In order to run the examples from this document in DrRacket make sure to put (require racket/control) in your file.

## Prompt/control

One of the first (and simplest) delimited control operations is prompt/control. prompt delimits the continuation, and control captures the current continuation (up to the innermost prompt).

(prompt (+ 1 (control k (k 3))))


The code is evaluated as follows:

(prompt (+ 1 (control k (k 3))))
=> (prompt ((λ (k) (k 3)) (λ (x) (+ 1 x))))
=> (prompt ((λ (x) (+ 1 x)) 3))
=> (prompt (+ 1 3)) => (prompt 4) => 4


Here (λ (x) (+ 1 x)) represents the delimited continuation (the program inside prompt without the control part) on an object level. When (control k body) is evaluated inside a prompt, it gets replaced with (λ (k) body) (capturing k inside body) and applied to the continuation.
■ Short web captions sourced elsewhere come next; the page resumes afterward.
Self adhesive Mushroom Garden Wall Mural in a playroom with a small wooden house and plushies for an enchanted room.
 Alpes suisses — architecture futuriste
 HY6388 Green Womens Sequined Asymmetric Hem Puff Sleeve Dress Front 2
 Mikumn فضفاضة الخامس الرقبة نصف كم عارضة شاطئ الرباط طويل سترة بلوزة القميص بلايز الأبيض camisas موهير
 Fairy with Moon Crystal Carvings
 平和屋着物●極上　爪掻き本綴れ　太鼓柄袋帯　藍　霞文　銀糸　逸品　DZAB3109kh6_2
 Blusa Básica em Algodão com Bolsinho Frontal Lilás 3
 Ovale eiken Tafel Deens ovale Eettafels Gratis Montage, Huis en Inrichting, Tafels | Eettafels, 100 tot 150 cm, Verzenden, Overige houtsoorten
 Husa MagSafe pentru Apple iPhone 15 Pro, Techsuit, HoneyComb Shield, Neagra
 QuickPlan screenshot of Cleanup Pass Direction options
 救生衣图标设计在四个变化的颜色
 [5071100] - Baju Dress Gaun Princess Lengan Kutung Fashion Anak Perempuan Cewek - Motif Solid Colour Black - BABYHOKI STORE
In terms of reduction semantics one would have the following reduction rules:

(prompt v) -> v
(prompt E[(control k body)]) -> (prompt ((λ (k) body) (λ (x) E[x])))


where the evaluation context E does not contain prompt and x is a free variable in E.

In particular, if continuation is not invoked in body, it is just discarded, as in the following example:

(prompt (+ 1 (control k 3)))


A captured delimited continuation can be invoked multiple times:

(prompt
(+ 1 (control k (let ([x (k 1)] [y (k 2)])
(k (* x y))))))


In this case the continuation k = (λ (x) (+ 1 x)), so when it is invoked in the body of control, x and y get set to 2 and 3, respectively. Hence, the final result of that program is 1+2*3=7.

Nested continuations

(prompt
(+ 2 (control k (+ 1 (control k1 (k1 6))))))
=> (prompt
((λ (x) (+ 2 (control k (+ 1 x)))) 6))
=> (prompt
(+ 2 (control k (+ 1 6))))
=> (prompt
(+ 2 (control k 7)))
=> (prompt 7) => 7


## While loops with breaks

We can utilize the prompt/control operators to implement a simple macro for a while loop with an ability to break out of it, sort of similar to the while/break statements in C.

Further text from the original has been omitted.